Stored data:
--- START ---

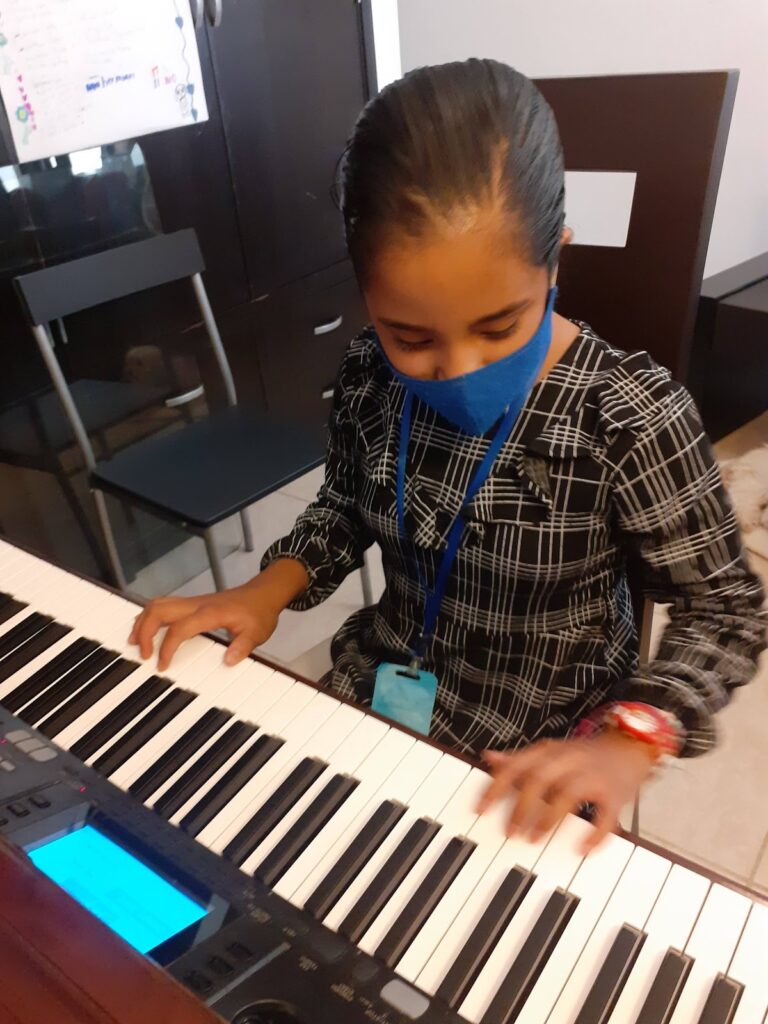 28985 centro musical cordova 768x1024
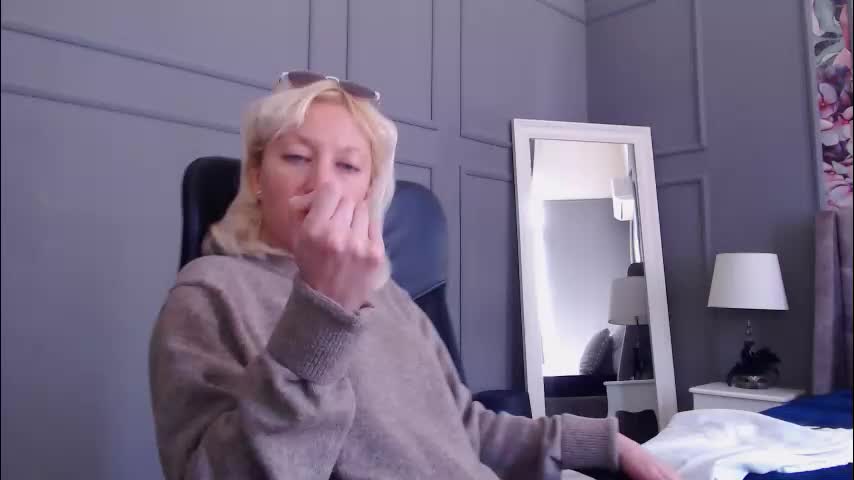 natalie_bitton Live Sex February 19, 2026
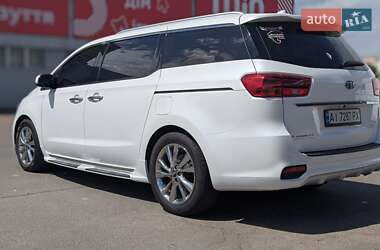 Минивэн Kia Carnival 2019 в 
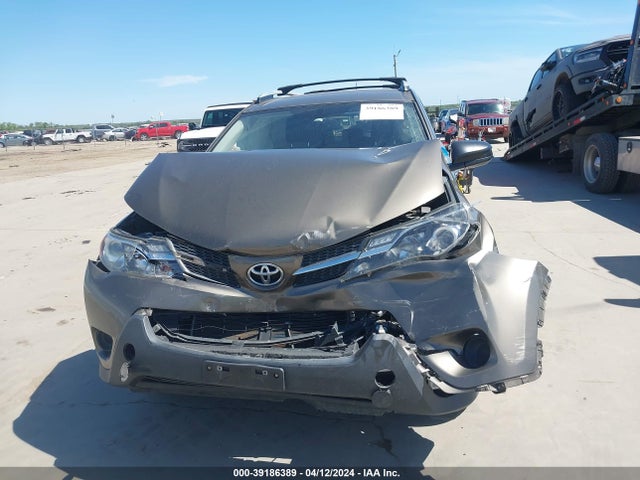 Toyota RAV4 LE 2015 2T3BFREV9FW313102 Image 12
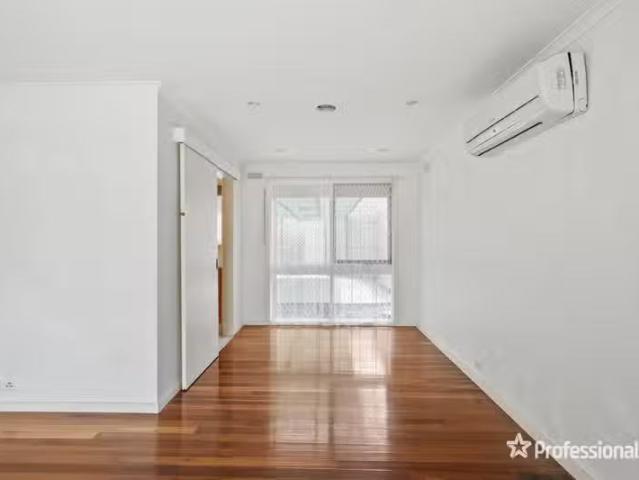 Nice 52 Pindari Avenue, Taylors Lakes VIC 3038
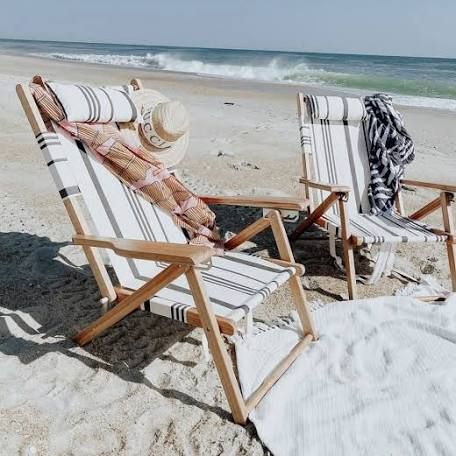 Best Beach Chair, Beach Chairs Portable, Beach Furniture, Beach Necessities, Outdoor Canvas, Beach Chair, Sling Chair, Beach Umbrella, Natural Wood Finish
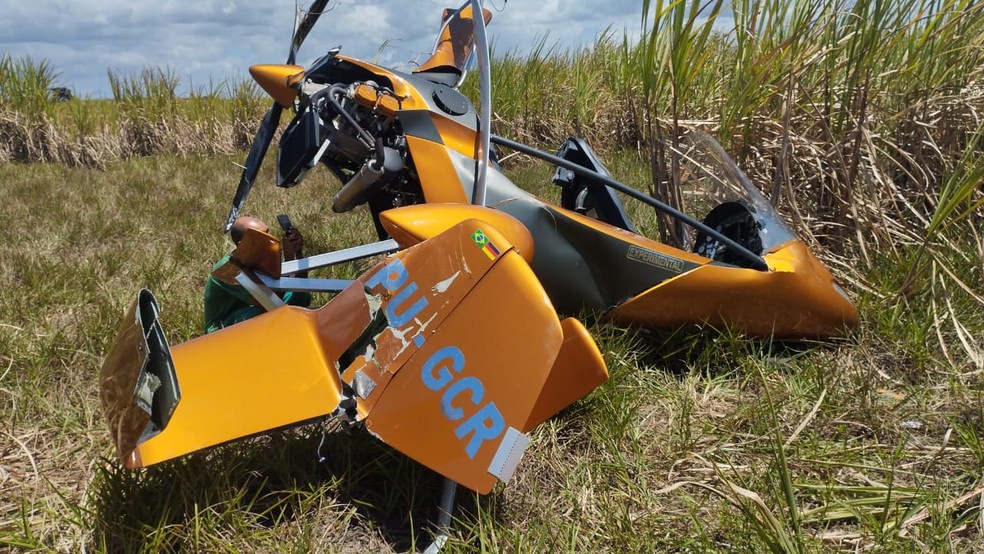 Aeronave experimental, de prefixo PU-GCR, ficou destruída após pouso forçado em canavial da Grande João Pessoa — Foto: Reprodução/TV Cabo Branco
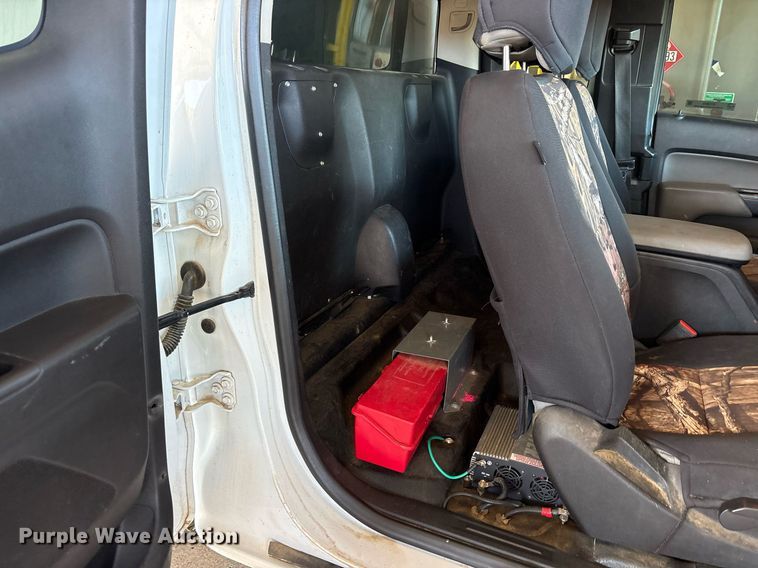 image for item DY0859 2016 Chevrolet Colorado Ext. Cab pickup truck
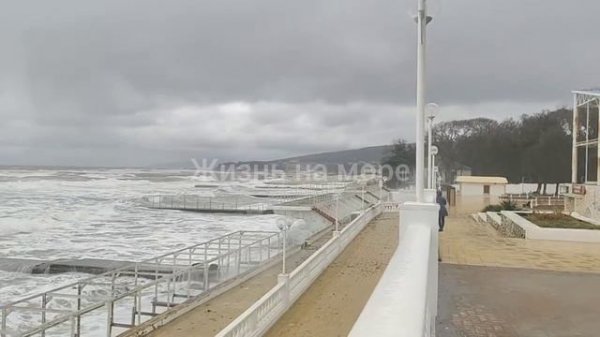 Штормовая обстановка в Дивноморске сегодня на пляжах Энергетик, Голубая даль и других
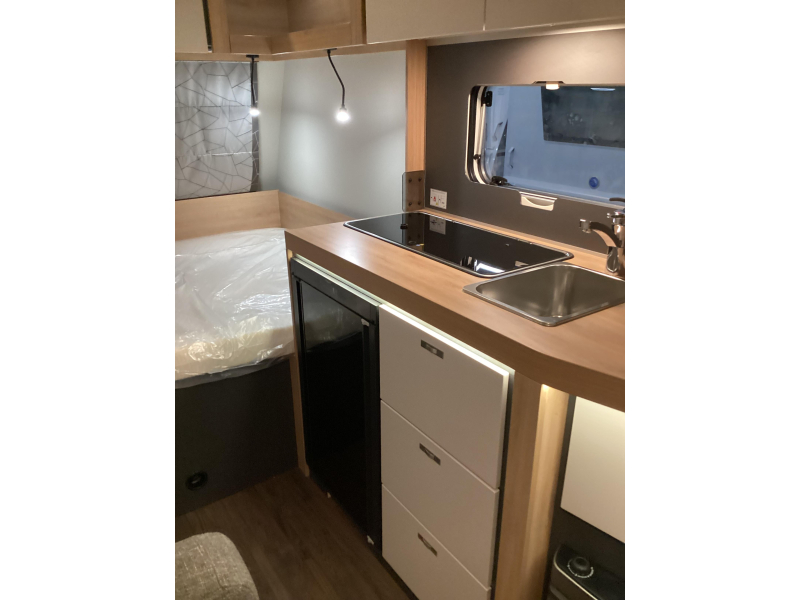 Knaus Sport 420 QD dwarsbed  foto: 8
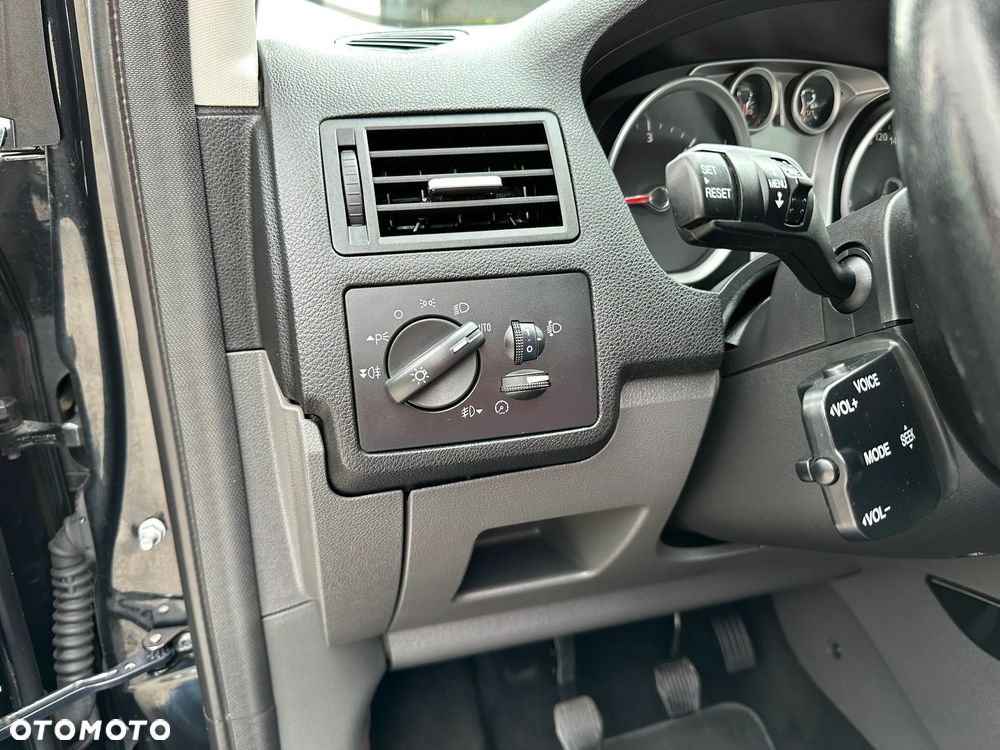 Ford Kuga - 16
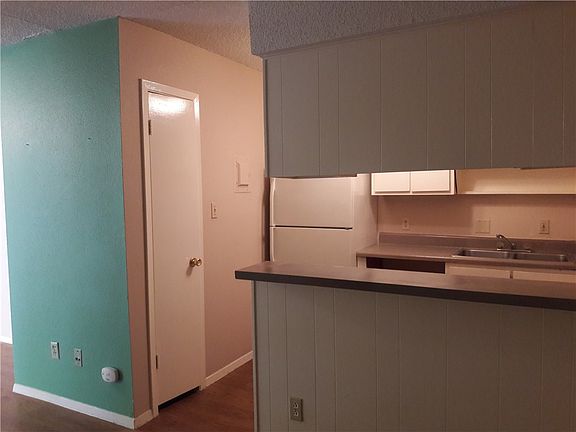 3rd image of 400 W 34th St APT 201
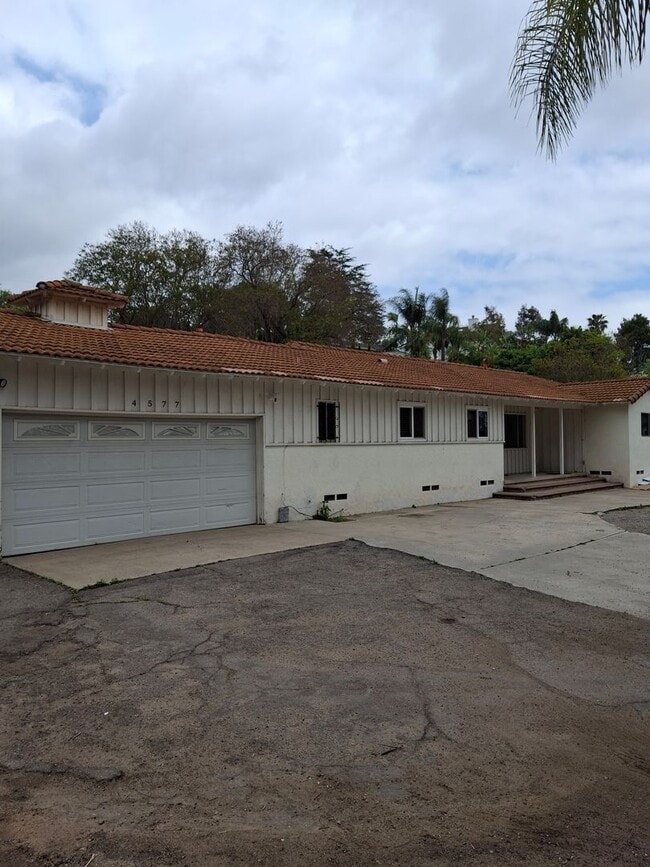 Building Photo - Great Home on a Large Lot! MUST SEE!!!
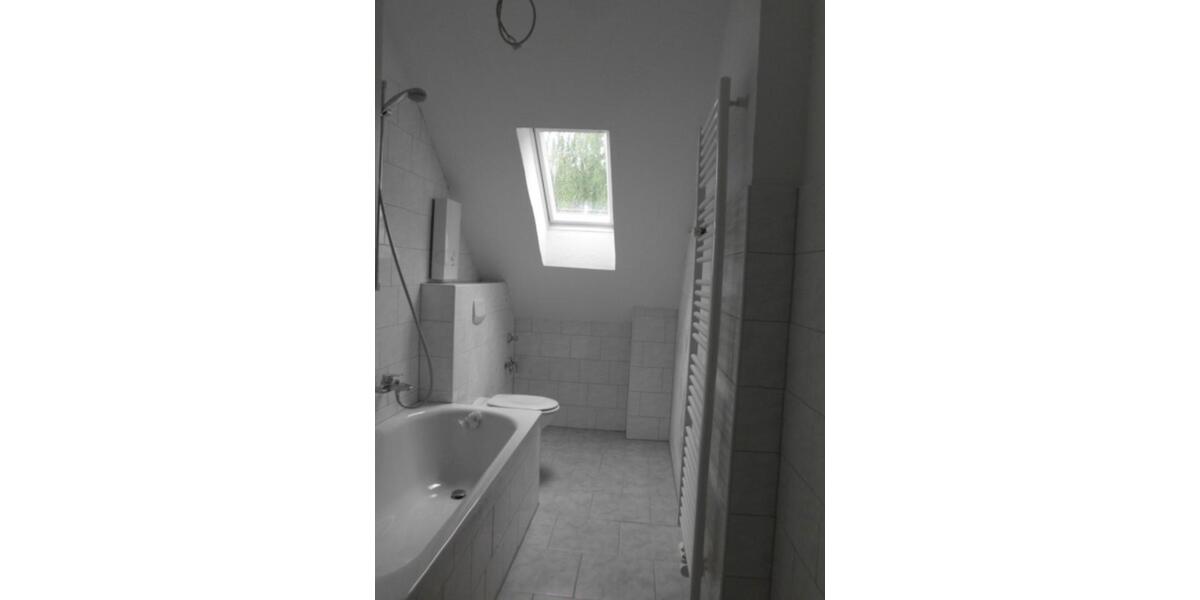 Dachgeschoßwohnung Wuppertal Brill - 4 Zimmer, 125 m&sup2;, 875&euro; | Angebot:25126965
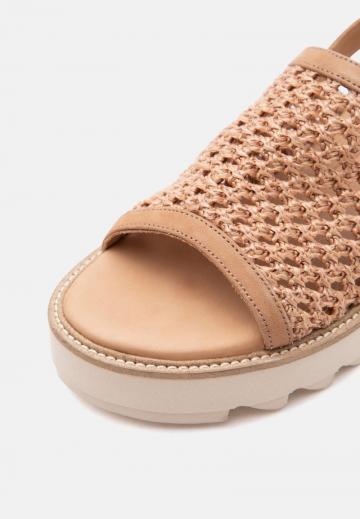 Босоножки на платформе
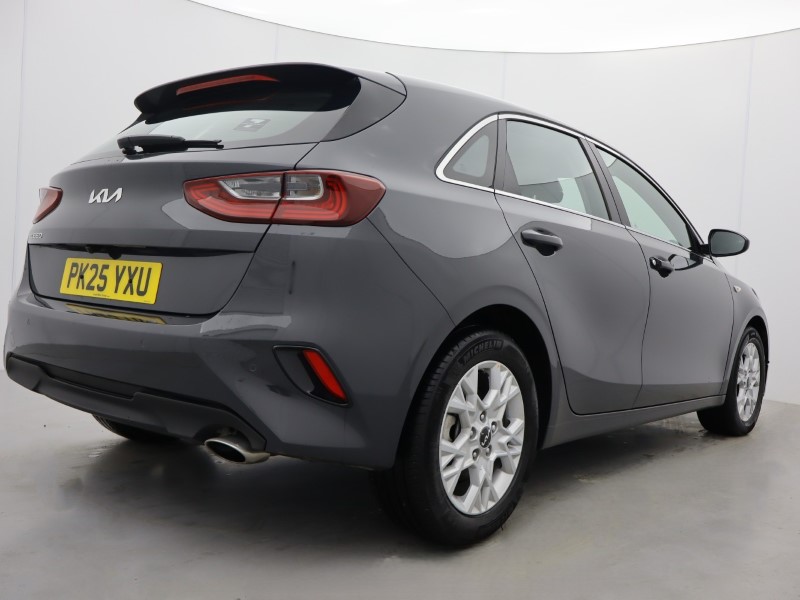 2025 (25) KIA CEED 1.5T GDi ISG 138 2 5dr 4730364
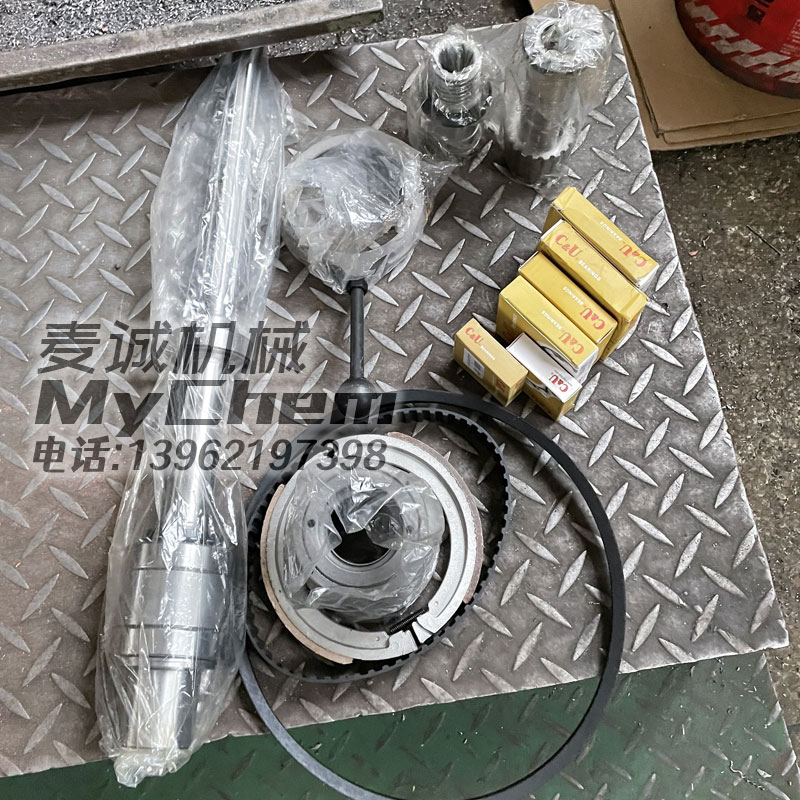 苏州铣床维修建亚M4炮塔铣床机头保养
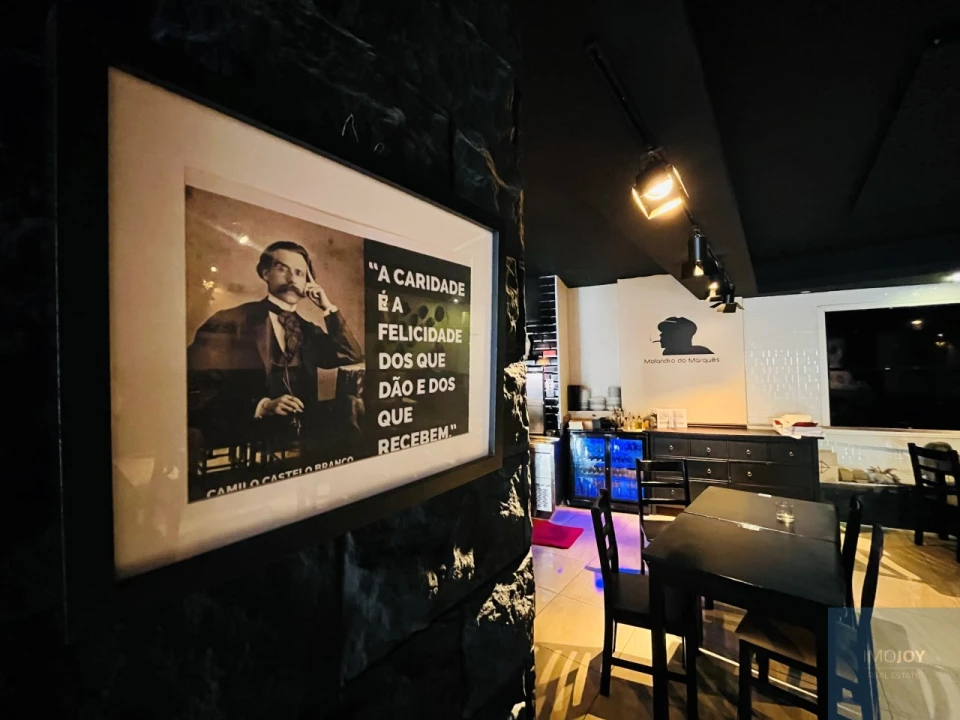 Loja para Arrendamento em Santo António Foto 7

--- END ---

### What this task involves
What you write must match, line for line, the lines from the one with "Knaus Sport 420" through the last line of the data above, minus the pictures.

### The completed task
 Knaus Sport 420 QD dwarsbed  foto: 8
 Ford Kuga - 16
 3rd image of 400 W 34th St APT 201
 Building Photo - Great Home on a Large Lot! MUST SEE!!!
 Dachgeschoßwohnung Wuppertal Brill - 4 Zimmer, 125 m&sup2;, 875&euro; | Angebot:25126965
 Босоножки на платформе
 2025 (25) KIA CEED 1.5T GDi ISG 138 2 5dr 4730364
 苏州铣床维修建亚M4炮塔铣床机头保养
 Loja para Arrendamento em Santo António Foto 7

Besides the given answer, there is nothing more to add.